By now it’s common knowledge that we have little time to mitigate the worst effects of climate change. It’s also common knowledge that the way we make buildings, which represent about 39 percent of carbon dioxide emissions and 36 percent of energy consumption in the world, will have to change. In the United States, the increased plausibility of a Green New Deal is raising questions about how public investment can and must shape cities and buildings. How will we develop the carbon-neutral materials necessary for new construction? What will it take to retrofit all existing buildings to meet new efficiency standards? Will the building trades be onboard with all of this?
Overwhelming as these tasks might be, we can begin to make sense of them by taking stock of current sustainable building practices. Over the past ten years, LEED and other green-building certifiers have set the tenor, encouraging outcomes like high energy performance through tight building envelopes, reduced water use, connection to public transport, and the deployment of low-emission materials. These practices have become increasingly visible and celebrated, but are not necessarily common—in reality, only about 5 percent of buildings across the United States are LEED-certified. Yet even LEED standards fall well short of what’s necessary to make a building and its operations less carbon-intensive.

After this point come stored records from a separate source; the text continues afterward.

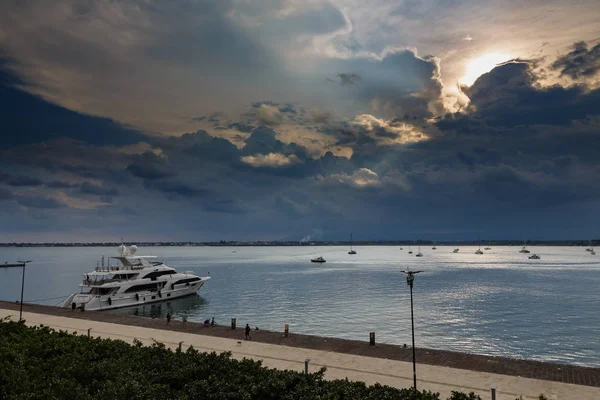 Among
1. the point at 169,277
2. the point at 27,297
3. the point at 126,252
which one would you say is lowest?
the point at 27,297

“A building that’s LEED Gold won’t necessarily perform to those standards in the field,” says Caitlin Turski Watson, an architect in New York City and an industry advocate for the Green New Deal. She says that architects concerned with high energy efficiency and carbon emissions are instead turning to the Living Building Challenge, which measures the performance of a building only after at least 12 months of operation. This period of abeyance ensures compliance with the initiative’s seven standard categories, dubbed “petals.” The highest level of certification, Living Building, is notoriously difficult to achieve, primarily because the materials required can be almost impossible to find, or, in the case of the Living Building Challenge’s Red List of forbidden materials, avoid. Many items typically specified in building construction (think switch boxes and electrical outlets) have multiple component parts (brads and toggles), each one containing substances on that Red List (BPA and PVC).
“It’s a supply issue; the materials just don’t exist,” explains Watson. “Especially for plumbing and electrical fittings, which have so many small pieces, the change has to happen at the manufacturing level.”